When the host called out the Vice President's team for their brazen attempt to the dodge the question, Harris herself caved to the pressure and indignantly scolded McKelvey. She didn't have much of a substantive answer, relying primarily on shaming the host for "talking like a Republican."
Of course, Joe Biden is the president. But Sunday morning, Senator Joe Manchin demonstrated the extraordinary influence he wields as one of the only remaining Democrat lawmakers who isn't owned by far-left interest groups. In an interview on Fox News Sunday, Manchin appeared to put the final nail in the coffin of President Biden's signature legislation, the so-called "Build Back Better" plan.
"I cannot vote to continue with this piece of legislation," Manchin explained before adding, "I just can't. I've tried everything humanly possible. I can't get there."
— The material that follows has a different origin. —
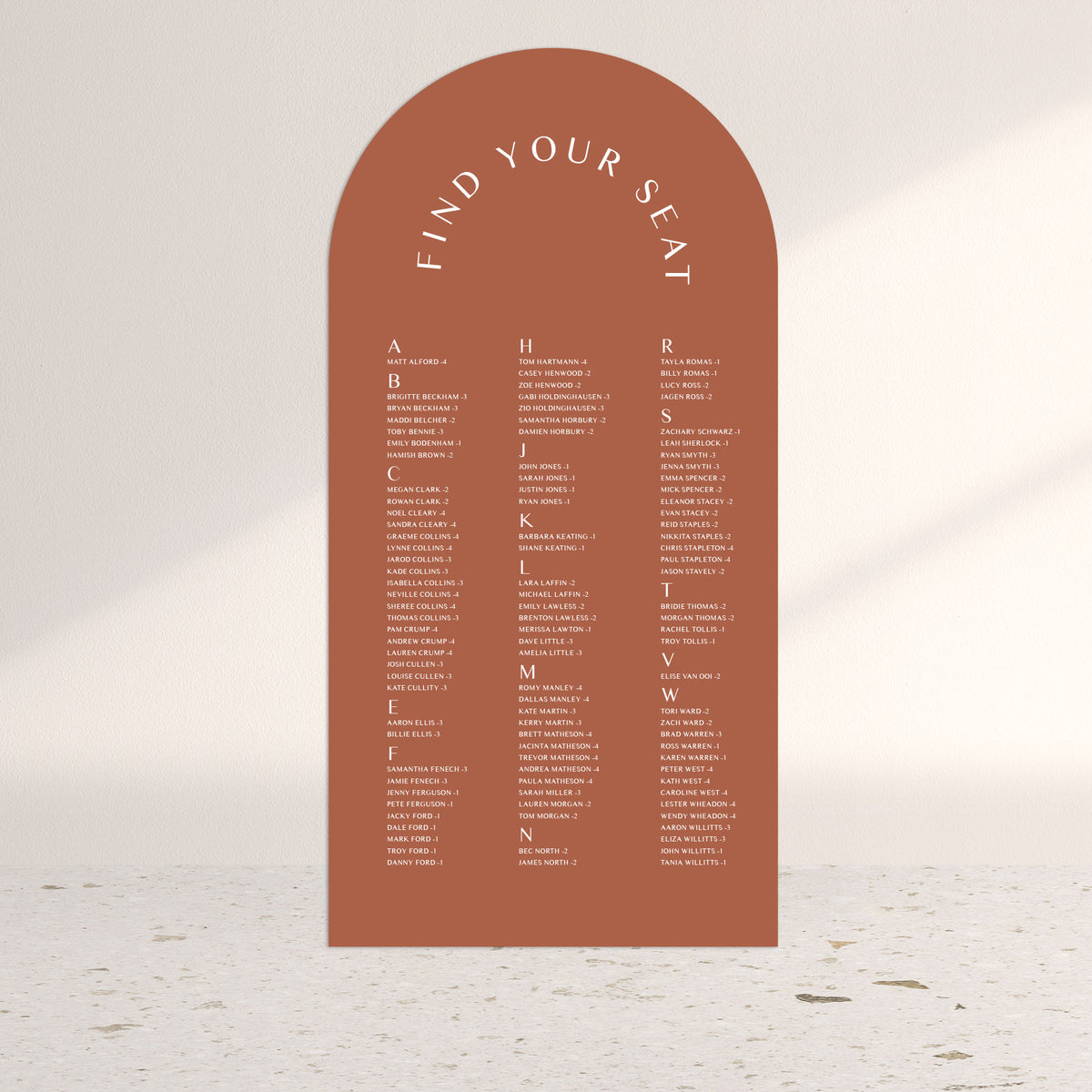 JANE Seating Chart – Ivory & Ink Weddings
The shrieks of despair and gnashing of progressive premolars could be heard throughout the land. Even that serious, objective journalist class was aghast, audibly sighing out their exasperation when hearing the news:
But truthfully, if our political environment was anywhere close to healthy, absolutely no one should be surprised by the failure of "Build Back Better." Here's three simple reasons why:
1. It was a bloated, haphazard, bad bill.
As a knee-jerk reaction to the Trump years, progressive Democrats and the Twitter-class pundits pressured the White House to go overboard with their legislative agenda. They authored what was nothing short of an FDR-sized bill, one that would forever expand the scope and influence of D.C. bureaucrats into the lives of American citizens.
When obvious problems with the bill surfaced, something that is bound to happen with such a large, expansive monstrosity, rather than do the hard work of amendment, collaboration, consensus, and trimming or cutting trouble spots (yes, that's really allowed), the solution from the oligarchs running the show in Democrat congressional leadership was the exact opposite. They consistently expanded the bill to offer some new program or policy to try to buy off wary lawmakers.
Pushing through a Great Society/New Deal-size government expansion without Great Society/New Deal majorities or obvious electoral mandates was always an absurd proposition. That it came so close is an indication of just how much our politics and governance is now consumed by, and our lawmakers are utterly owned by, special interest rather than the country's general interest.
A spending bill that would have added $2.8 trillion to the national debt is bad enough. That it was being pushed at a time of soaring inflation made it unthinkable.
2. Realities of West Virginia
The bill failed because of the people of West Virginia. Well, actually that's not fair. It failed because of the people of West Virginia and the people of every other state that elected a Republican since every one of them opposed this bill too.
One of the more hilarious responses to Manchin's announcement was that of Vermont's unserious Senator Bernie Sanders:
Explain it to the people of West Virginia? Senator Manchin has voted for a series of progressive spending bills over the course of the last year. His opposition to this one is precisely because he wouldn't be able to explain his support of BBB if he voted in favor. According to the most recent polling, 74% of West Virginians oppose Bernie and Biden's Build Back Better blowout.
3. The Biden administration's stubbornness
Manchin said repeatedly where he was and what would be required for him to vote for BBB. He was, according to reports, in the White House as late as last Tuesday, putting before the Biden administration a framework for an equally large bill, but one that he could support.
Rep. Ilhan Omar can complain that Manchin "couldn't be trusted." Press secretary Jen Psaki can lament Manchin's "sudden and inexplicable reversal." But the truth is something entirely different from that bitter spin.
No, Joe Manchin isn't the president. A cabal of highly influential special interest groups are. All that happened Sunday was Senator Manchin deciding to thwart them by representing his constituents' interests instead.